How have they done it? I don’t know all the secrets to their success, but I was impressed by three things:

  • Mothers’ Support Groups: IntraHealth has introduced Mothers’ Support Groups at most of the 511 centers it supports in the country, a peer education initiative that utilizes two HIV-positive “mentor mothers” in each center to help other HIV-positive mothers care for themselves and their children. As soon as a woman is tested HIV-positive, she is enrolled in the program, and after the birth of her child, the woman is visited at home weekly by one of the two HIV-positive mentor mothers on staff at each center. The mentor mothers have a tracing mechanism to track down women who disappear from the program.
  • A focus on HIV testing: The health centers I visited have a singular focus on counseling and testing of all partners involved—the woman, her husband/partner, and their child—at all stages of the process. Women are strongly encouraged to be tested, as are the partners, if they can be found. Ideally, this happens before delivery but, if necessary, can be done right up to childbirth, a practice known as “couch counseling.” Getting the partners tested is a major challenge but Zebene Tefara, the manager of the Legetafo center, told me it has improved since PMTCT was introduced. It used to be zero. In the last 10 months, 260 partners were tested at Legetafo, and only 4 of those were found HIV-positive.
  • Innovation in customer service: The concept of “keeping the customer happy” is too often alien to the public health cultures of many African countries. But it seems to be catching on in Ethiopia, at least in Alem Bank and Legetafo, where the health centers are making sincere and surprising efforts. At Legetafo, Tefara and his staff proudly showed me around the center and described steps they are taking to improve customer service. He pointed out a suggestion box (an innovation in Ethiopia) that has been installed as well as monthly ratings of his staff—based on the comments dropped into the suggestion box—which are posted prominently. Also unusual are the traditional coffee ceremonies that have been introduced for the pregnant woman and her partner just before childbirth in both health centers. It’s the little things like these—along with simple respect and courtesy toward the patient—that IntraHealth hopes will bring people back to the center again and again.

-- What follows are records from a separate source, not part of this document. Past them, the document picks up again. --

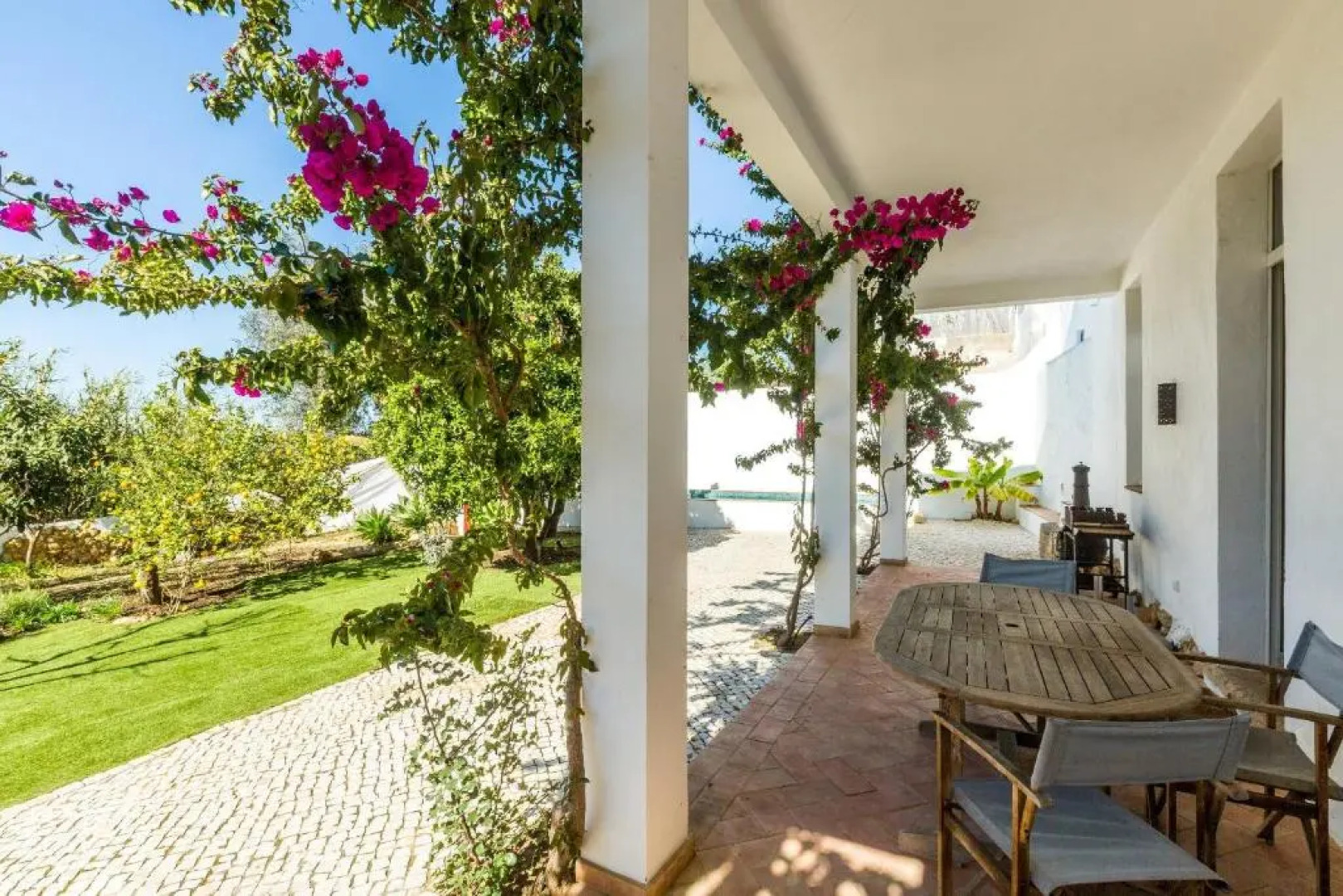 Pêra Vintage Villa With Pool by Homing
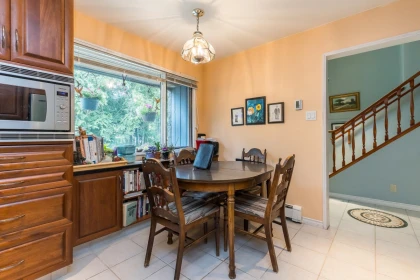 Kitchen Photo of 20244 27 Avenue, Langley, BC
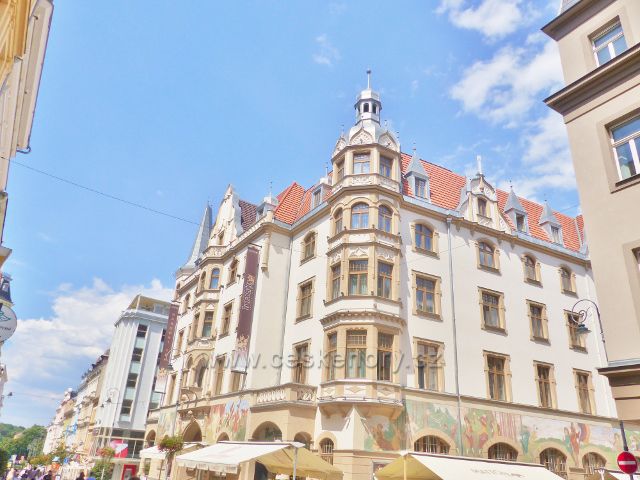 Karlovy Vary - Národní Dům, sídlo hotelu Ambasador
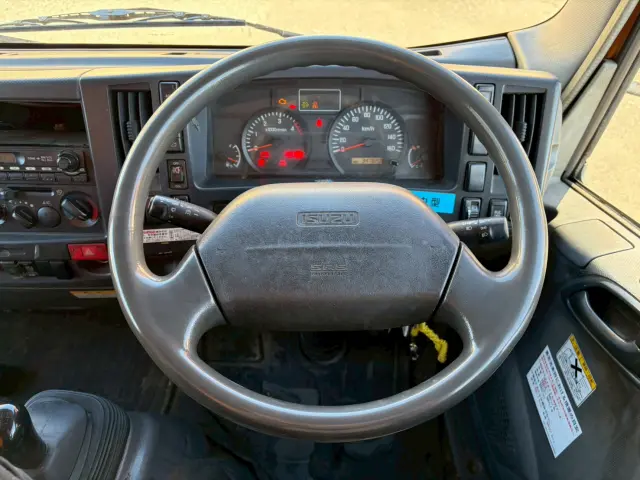 いすゞ エルフ BKG-NMR85AN(2WD)の写真44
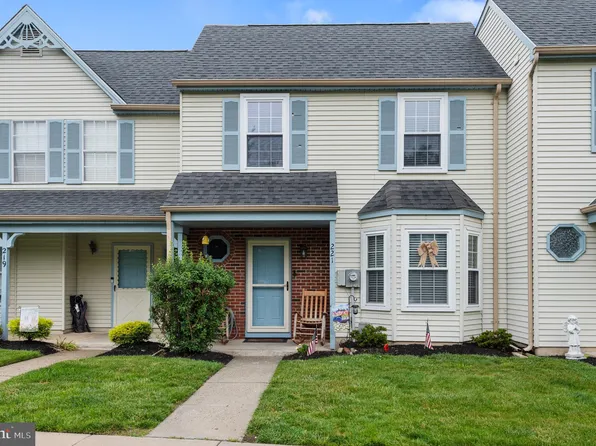 221 Knoll Dr, Blackwood, NJ 08012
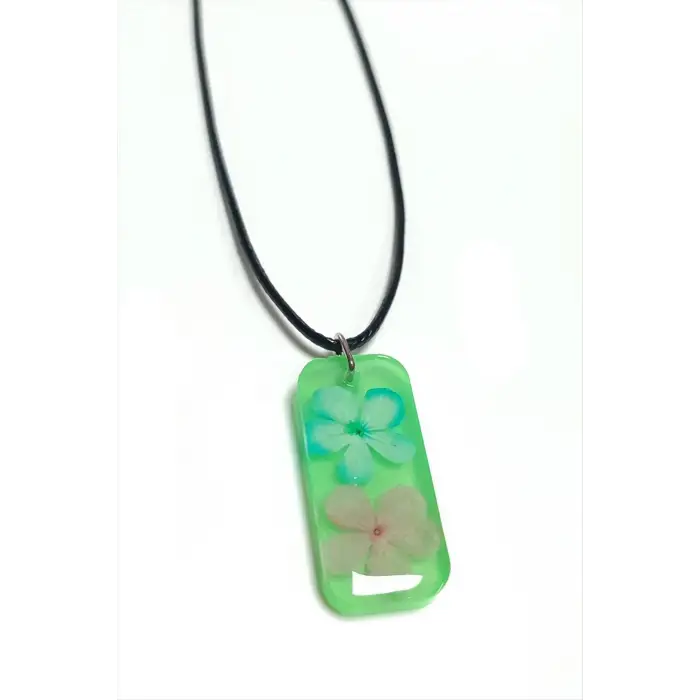 Kartopu Çiçeği Dikdörtgen Epoksi Kolye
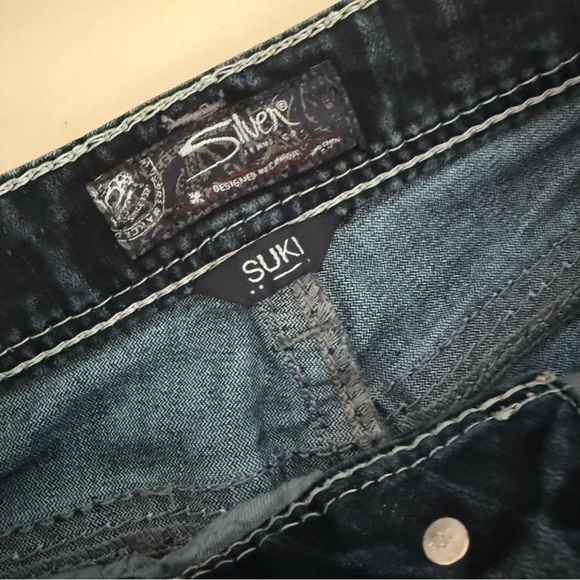 Silver Women’s Jeans Western Coastal Cowgirl Dark Wash Denim Blue Y2K - Picture 2 of 6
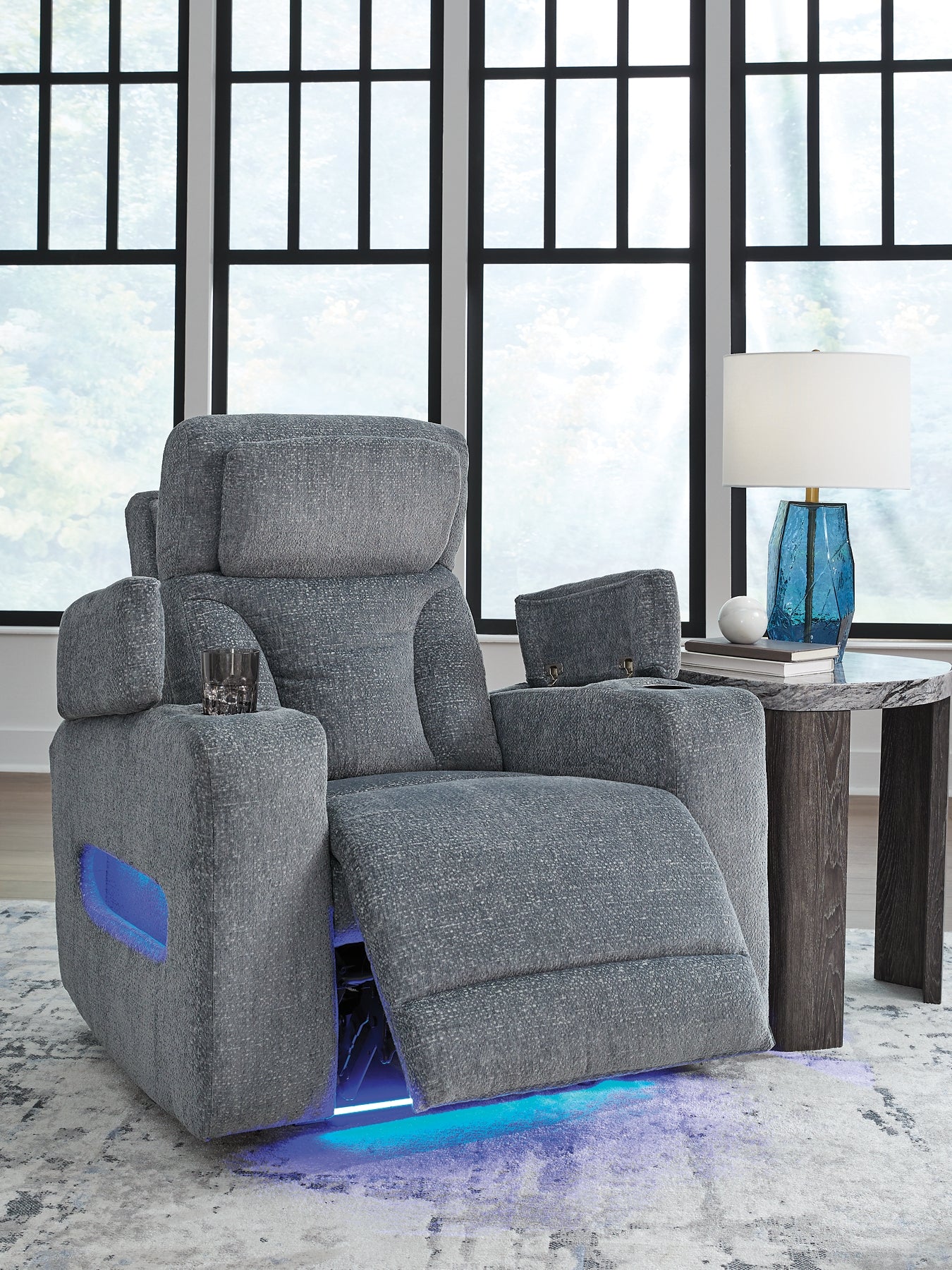 Studio Cave PWR Recliner/ADJ Headrest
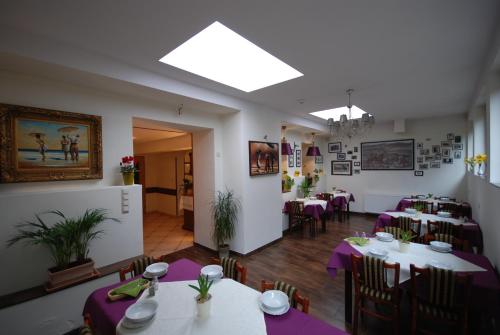 Εστιατόριο ή άλλο μέρος για φαγητό στο Rajski Dom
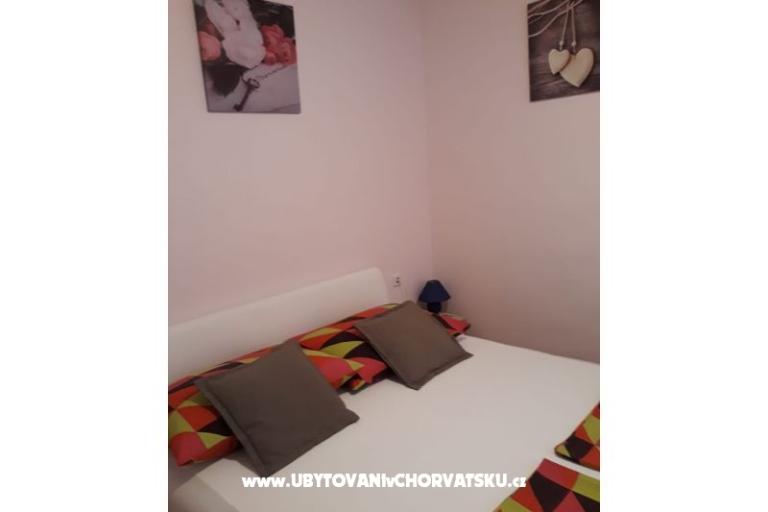 Holiday Home Sara- Kastel Stafilic – fotó 12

And getting them to come to the center is a major goal of these health centers, especially for PMTCT and for antenatal, childbirth, and postnatal care but also for family planning, immunization, laboratory services, and other types of outpatient services.

The 2011 Demographic and Health Survey indicates that only 10% of deliveries take place within health facilities (although that represents a doubling of the 5% who did so in 2005). Clearly, these two centers are on the leading edge of that positive trend.